Turkey and Cranberry Chutney fillo triangles.


----------



## TATTRAT (Nov 24, 2006)

Turkey ravioli with bruised sage and toasted pine nuts
Turkey Katchatori
Turkey Fajitas
Turkey Soup
Sheppard's pie, with Turkey

My fave, turkey sandwich,open faced on white bread smothered in gravy


----------



## AllenOK (Nov 24, 2006)

I guess I ought to Turkey Tortilla Soup to my list.


----------



## YT2095 (Nov 24, 2006)

if you blitz the turkey in a blender with herbs and spices it`ll go to a sort of powder like mix, add enough egg to this to make it like a soft dough.
take a peice of this and roll it into a ball (golf ball size is good), push your finger into it half way to make a hollow, and then put in a small cube of frozen garlic and herb butter and seal it up well, then wrap it into a square of cling flim by placing it in the middle then bringing up the edges and twisting tightly so there`s no air trapped do this until the mix is gone.
then lay them all on a sheet of tin foil (single layer) and wrap them well.
place into boiling water for 20 mins.
when cool they will have set into shape and not burst.
these can then be pan fried until golden and served with whatever you like, Savory rice is nice


----------



## FraidKnot (Nov 24, 2006)

college_cook said:
			
		

> Thanksgiving sandwich!  That's the only leftover you should ever eat after thanksgiving!  It's defintely one of my favorites, and I look forward to it every year, nearly as much as Thanksgiving itself.



Called a Hot Brown, an open faced hot turkey sandwich created at The Brown Hotel:

http://www.brownhotel.com/hotbrown.php3

I'm not a fan of turkey but I'll eat this, you betcha!

Fraidy


----------



## karadekoolaid (Nov 24, 2006)

No-one added "Turkey Curry"; a must with left over turkey.


----------



## PytnPlace (Nov 24, 2006)

We can't break with tradition.  Everyone wants a turkey sandwich and turkey rice/noodle soup.  If there is anything left I make a pot pie using leftover veggies and gravy.


----------



## corazon (Nov 24, 2006)

We made really good turkey melts today.  We're planning on making green chile turkey enchiladas, probably tomorrow.


----------



## pipman (Nov 25, 2006)

college_cook said:
			
		

> Thanksgiving sandwich!
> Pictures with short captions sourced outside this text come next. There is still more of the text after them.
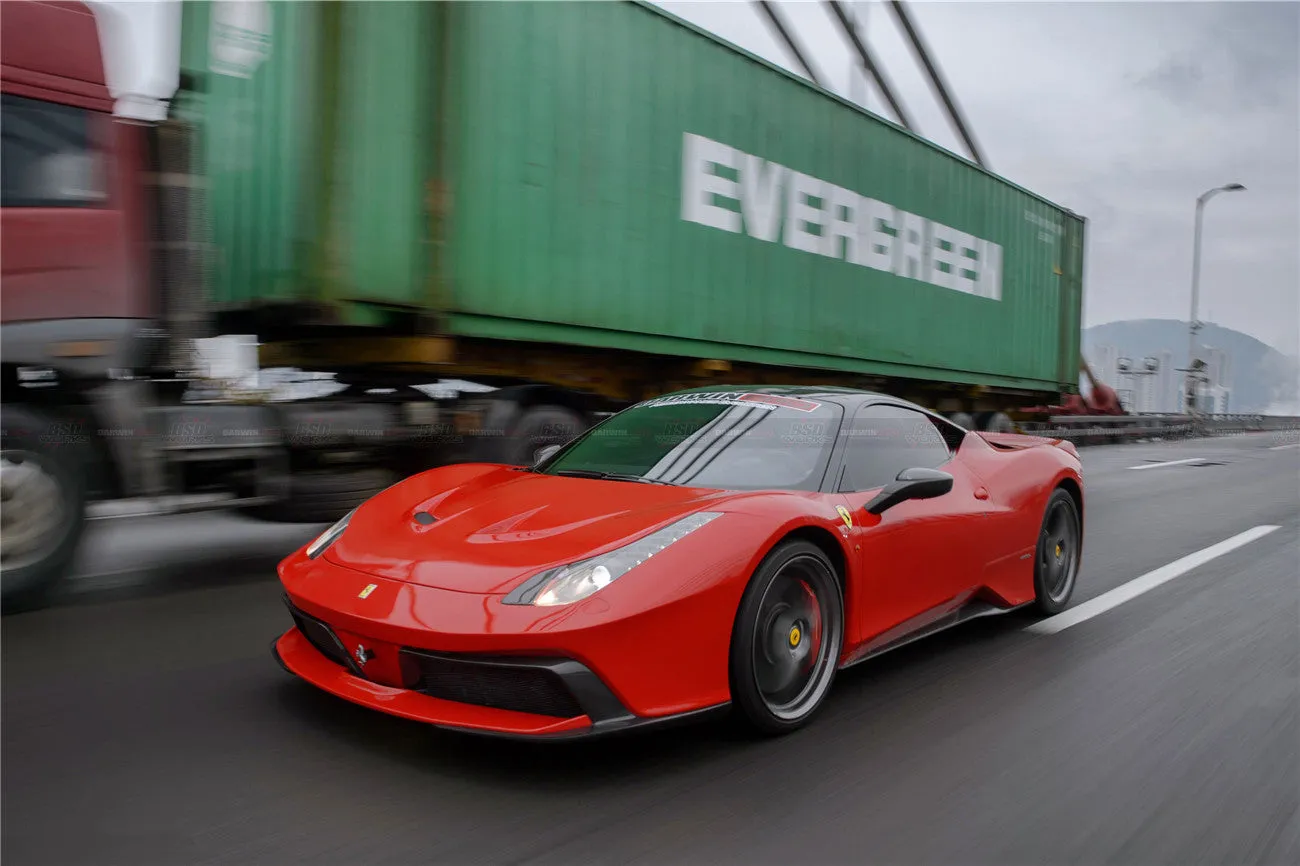 DarwinPRO 2010-2015 Ferrari 458 Coupe BKSS Style Partial Carbon Fiber Full Body Kit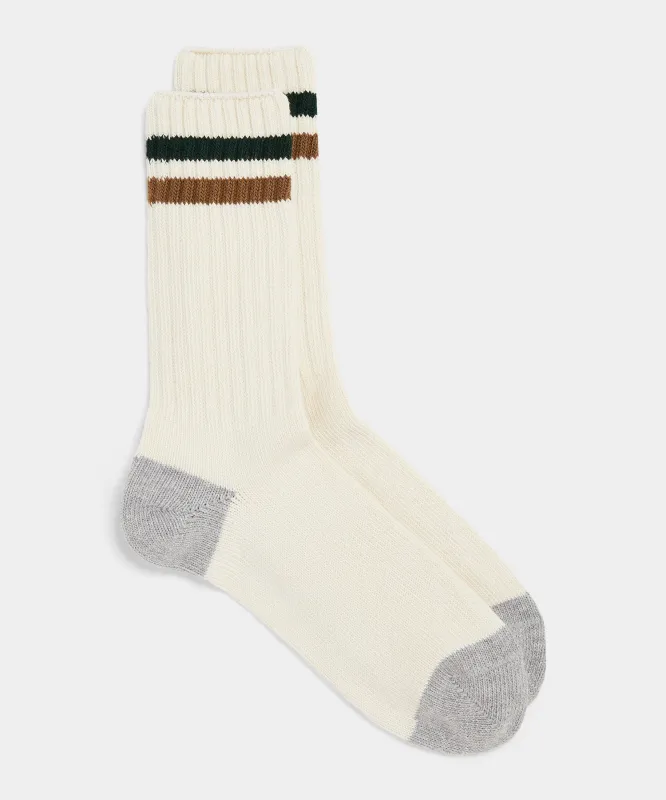 Cotton Athletic Crew Sock made by Todd Snyder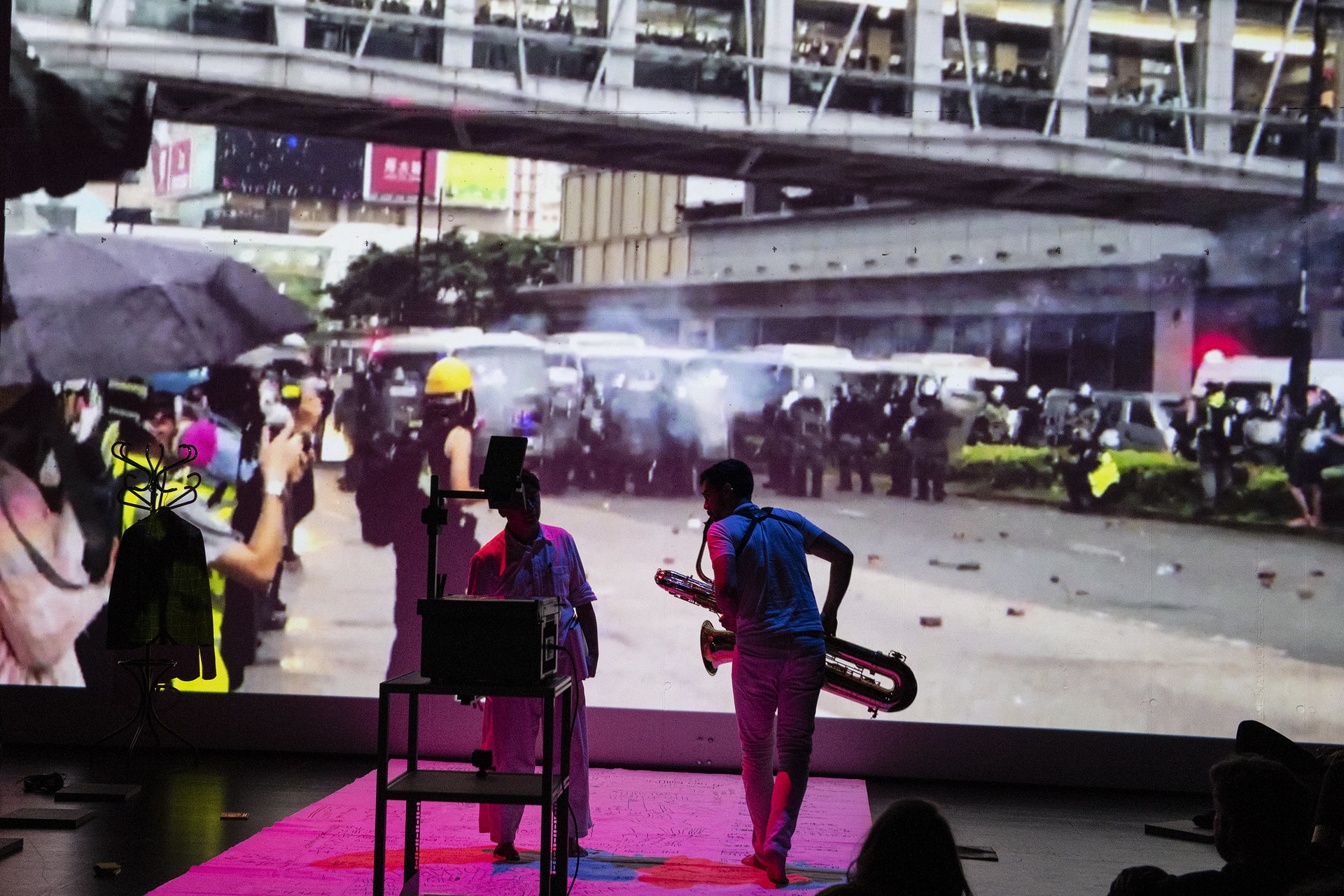 Foto von der Diplomproduktion Master Theater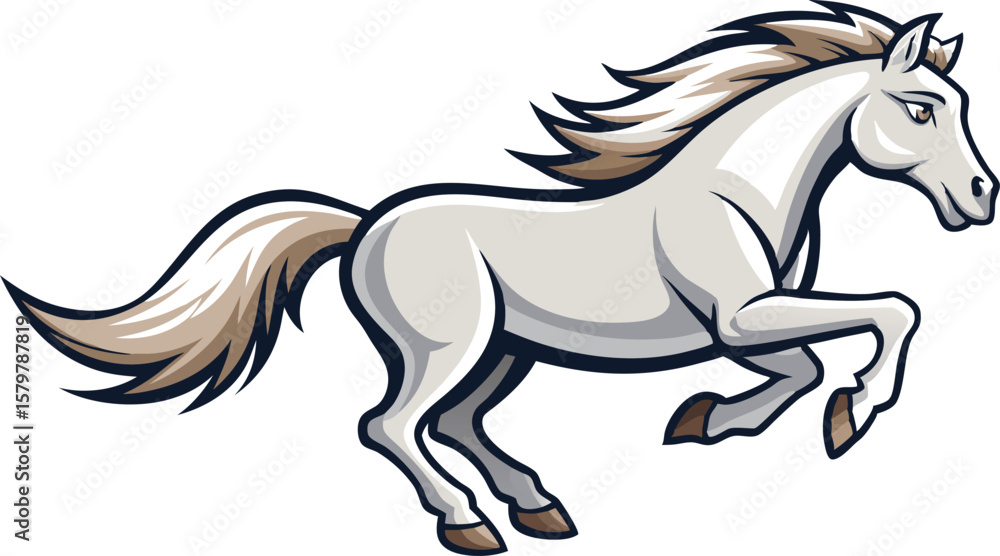 Cartoon Running Horse Illustration Cartoon Running Horse Illustration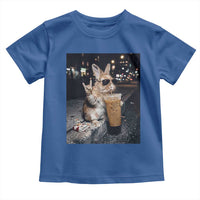 Funny Bunny Drinking Diet Coke Toddler T Shirt Vintage 90s Graphic Meme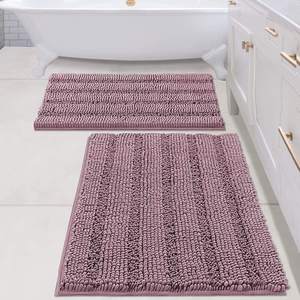 FIGOO-Factory Direct [Set di Tappeti <span class=keywords><strong>Gorilla</strong></span> <span class=keywords><strong>Grip</strong></span>] 3 Pezzi in Ciniglia [Set di Tappetini da Bagno] per Bagno Effetto Shaggy - Product Image 4
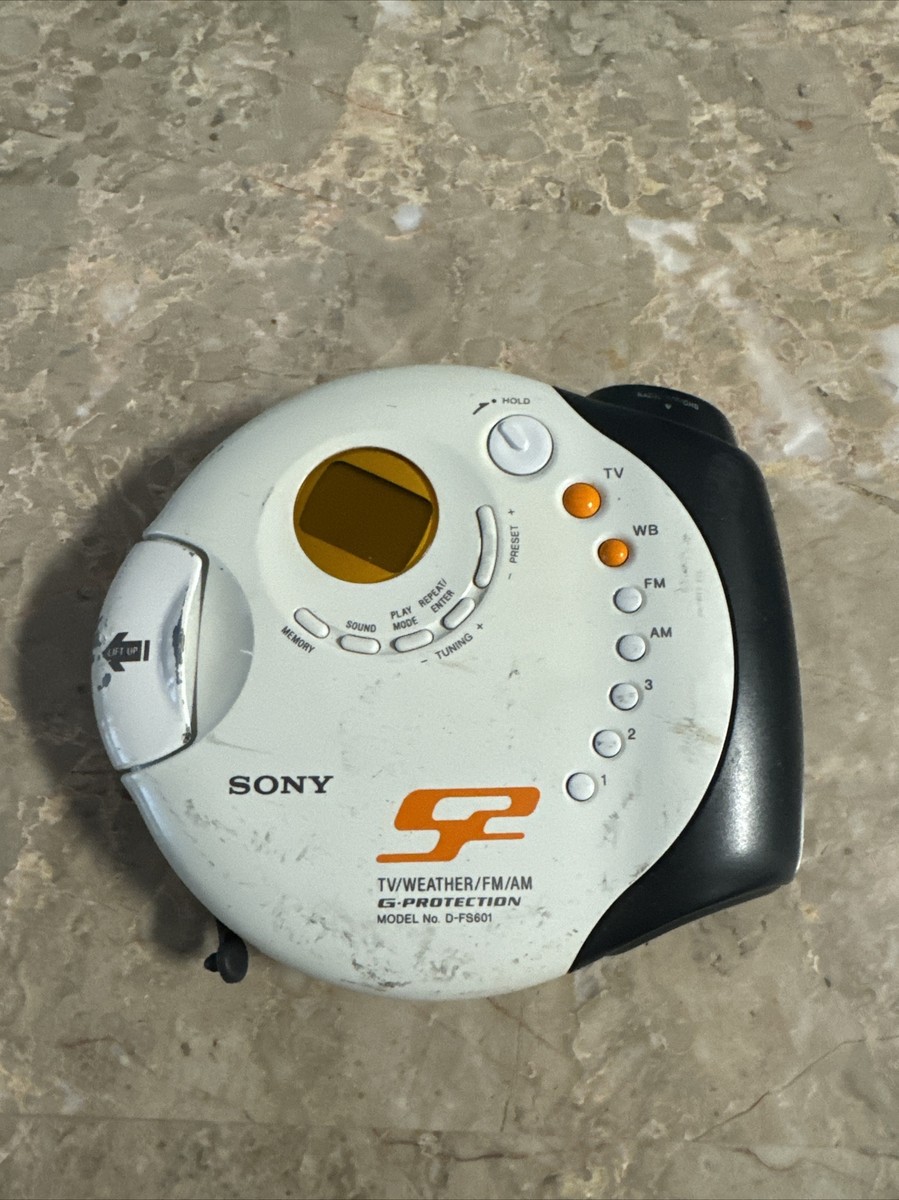 Sony S2 Sports Walkman Portable CD Player Weather/AM/FM Radio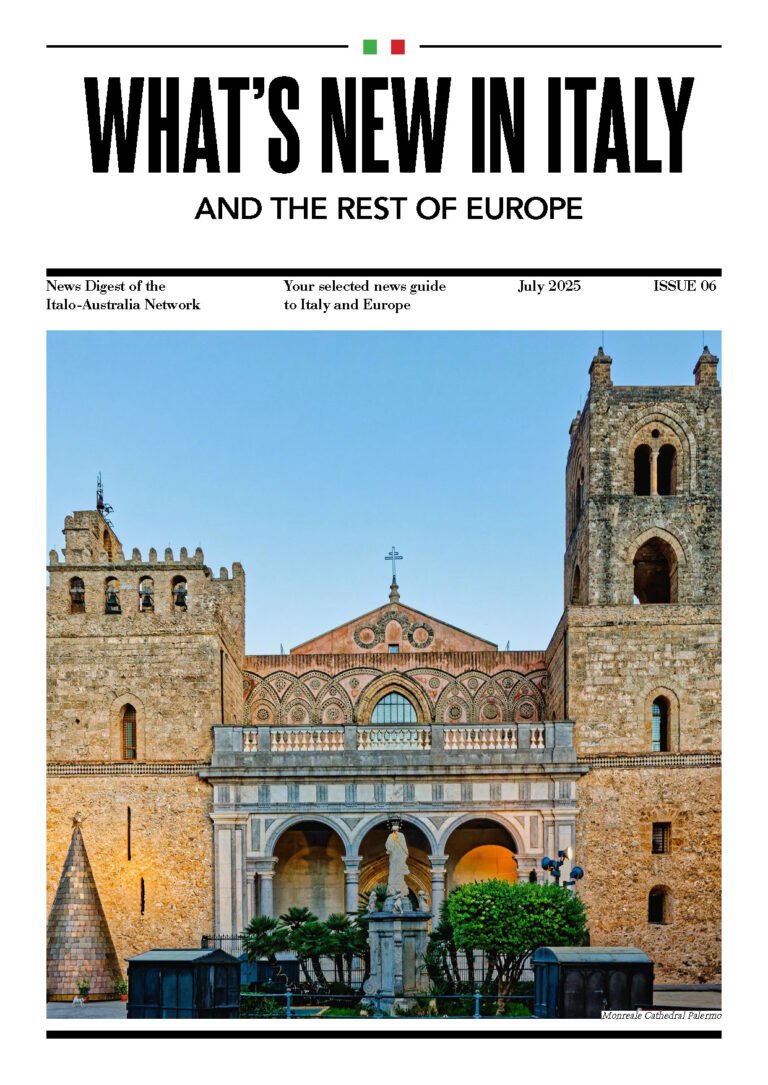 What's New In Italy magazine cover, July 2025 edition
That's the only leftover you should ever eat after thanksgiving! It's defintely one of my favorites, and I look forward to it every year, nearly as much as Thanksgiving itself.


 
I feel exactly the same way about the day after turkey sandwich, however this year my wife and I am on a BBQ kick so we did something a little diffrent.  I shreaded the leftover turkey and mixed in some Honey KC Masterpiece sauce and made some sandwiches like that.  It was pretty good, my wife actually liked it better than the pork version I made last week.


----------



## YT2095 (Nov 25, 2006)

similar to the turkey Kiev style I mentioned earlier in here, you could also use the blitzed up meat with herbs/spices (it comes out almost powdery) and add it to Wonton mix or make some sausages or even use it as a thickener or put it in with meat loaf mix, there`s a million and 1 ways you can hide it if you`re Really sick of turkey


----------